Now these were super fast if you powerbraked them into the boost band? I’m no turbo guy so not sure what you’d call it but that red velvet POS would give my 340 cuda a run for its money but would lose unrecoverably from the hole. This was earth shattering speed for a new car in the 80’s. With that being said how would we slap on that type and make it work? I believe it was intercooled but I’m no Buick guy either.

And yes they still have it in all it’s bald spotted velour seat dangling headliner and rattling failed turbo glory. Turbo gave up the ghost about 80k and they parked it. Forever Lol!!!
 
Forgive me if I repeat a few things others have mentioned.

"Blow THRU" needs a pressurized enclosure AROUND the carb, as one of the Shelby GT350 supercharged cars did. Otherwise, when you put pressurized air through the carb, it can force fuel OUT of the carb via the bowl vent, etc. Not good. Which is why "PULL THRU the carb" is a better deal for carbureted engines.

The "style" of turbo has nothing to do with whether or not an intercooler/charge cooler is in the circuit between the turbo and the engine. "Turbo lag" happens when the turbo is sized for max power and it takes longer to get spooled-up for boost. A smaller turbo will be spooled-up quicker and be more responsive, as a result, but with lower peak horsepower output. Which is why TWO smaller turbos work better than one big one.

As for the seals, if you find a rebuildable used turbo, there are MANY truck turbo rebuilders in the DFW area. I suspect they might supply the type of seals needed for the "wet" or "dry" air flow situations?

The first Buick 3.8L 4bbl turbos were problematic, in many respects. In the few Turbo MonteCarlos I was around, they all detonated upon mild-to-heavy acceleration, although they had a crude detonation limiter in place.
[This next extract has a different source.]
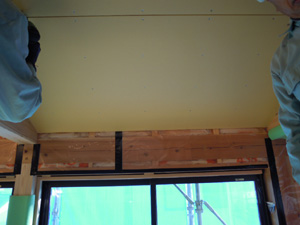 天井プラスターボード張り状況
If they weren't maintenance well, the turbo oil seals would harden (coke-up?) and then leak internally. In a short time, the crankcase oil (pressurized to the turbo) would go out the exhaust pipe. With predictable results! If a new turbo was put on a poorly-maintenance engine, the seals would fail pretty quick, needing another turbo and/or engine rebuild/clean-out/de-sludge..
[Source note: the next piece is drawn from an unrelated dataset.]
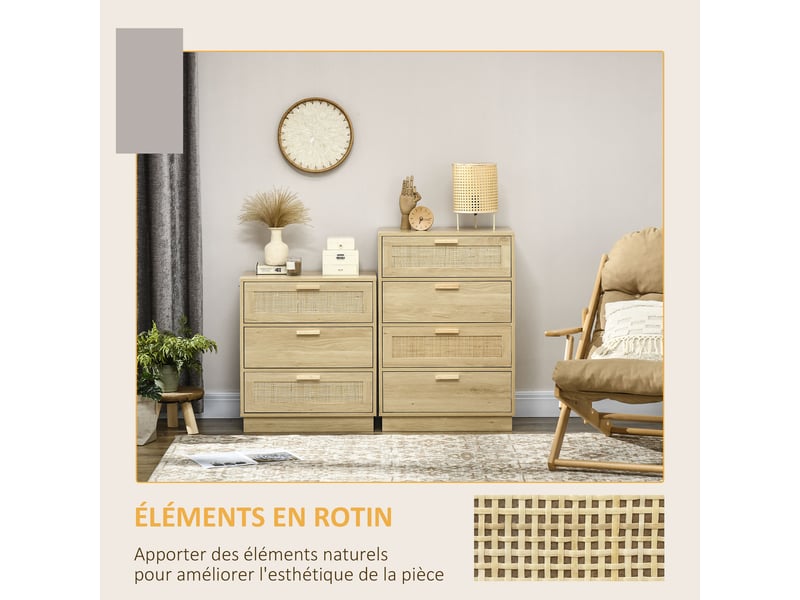  Commode design bohème en rotin avec 4 tiroirs, meuble de rangement pour le salon, le couloir, bois naturel, l'entrée  - Conforama E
By comparison, the later Buick 3800 turbos in the Regal GS were a completely different breed of unit! Electronic control of the wastegate functions, for example. MUCH more reliable. Of course, in the 10 years between the two turbo engines, motor oil improved a whole lot, which helps, too. On initial WOT from idle, boost would go to 8.5psi and then drop to 6.5psi (I believe) after engine speed approached 3500rpm (according to the DIC display of boost pressure).

ALL of the earlier turbo motors had compression ratios of about 8.0 :1. Except for the Olds JetFire Turbop 215 V-8 of 1962, which maintained its original 10.0+ compression ratio. BUT it also had a "Turbocharger Fluid" system for an alcohol mix to cool the intake charge when the turbo was working. If there was no Turbocharger Fluid, the driver was supposed to refrain from heavier throttle situations (according to the service literature). The "fluid" was probably some alcohol/water mixture? By comparison, the Turbo Corvair Spyder had the 8.0 compression ratio and no need for "fluid".

Studebaker had their supercharged Larks and Avantis, so there should be plenty of literature on them to look at on how to do a supercharged V-8. Then possibly replacing the supercharager with a turbo (with all of the related plumbing of exhaust and oil supply to the turbo unit).

A turbo might be "free horsepower", but I believe a belt-driver supercharger can be a better long-term situation on an older street-driven vehicle.

Back in the Buick Regal GNX days, there was a race team from Houston, TX. The family members had two Mustangs. One was turbo'd, the other one was supercharged. The induction system was the main difference between them. The turbo car would run 9.0s, as the supercharged car wan 10s. The turbo always won. Obviously it was all about top end power, which a correctly-sized-for-that intercooled-turbo can supply better than a centrifugal supercharger can. At least 30 years ago.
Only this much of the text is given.